(Scraped caption text data)
+++

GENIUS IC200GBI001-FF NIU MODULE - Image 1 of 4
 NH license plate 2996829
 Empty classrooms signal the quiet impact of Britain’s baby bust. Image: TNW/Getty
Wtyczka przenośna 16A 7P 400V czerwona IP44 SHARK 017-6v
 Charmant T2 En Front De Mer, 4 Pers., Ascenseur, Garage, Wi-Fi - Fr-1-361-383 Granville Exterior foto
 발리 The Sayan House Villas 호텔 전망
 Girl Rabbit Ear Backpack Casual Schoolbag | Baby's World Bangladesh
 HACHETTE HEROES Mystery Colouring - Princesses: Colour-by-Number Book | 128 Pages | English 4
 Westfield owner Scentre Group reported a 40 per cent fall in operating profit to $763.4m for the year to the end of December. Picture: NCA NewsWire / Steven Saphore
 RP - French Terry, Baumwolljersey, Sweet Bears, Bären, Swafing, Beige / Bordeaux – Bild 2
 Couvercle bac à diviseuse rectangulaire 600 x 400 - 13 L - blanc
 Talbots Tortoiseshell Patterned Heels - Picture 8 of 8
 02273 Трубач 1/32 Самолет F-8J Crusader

+++

Working from the entries above, return all lines that contain "Picture".

- _Expected answer_:
 Westfield owner Scentre Group reported a 40 per cent fall in operating profit to $763.4m for the year to the end of December. Picture: NCA NewsWire / Steven Saphore
 Talbots Tortoiseshell Patterned Heels - Picture 8 of 8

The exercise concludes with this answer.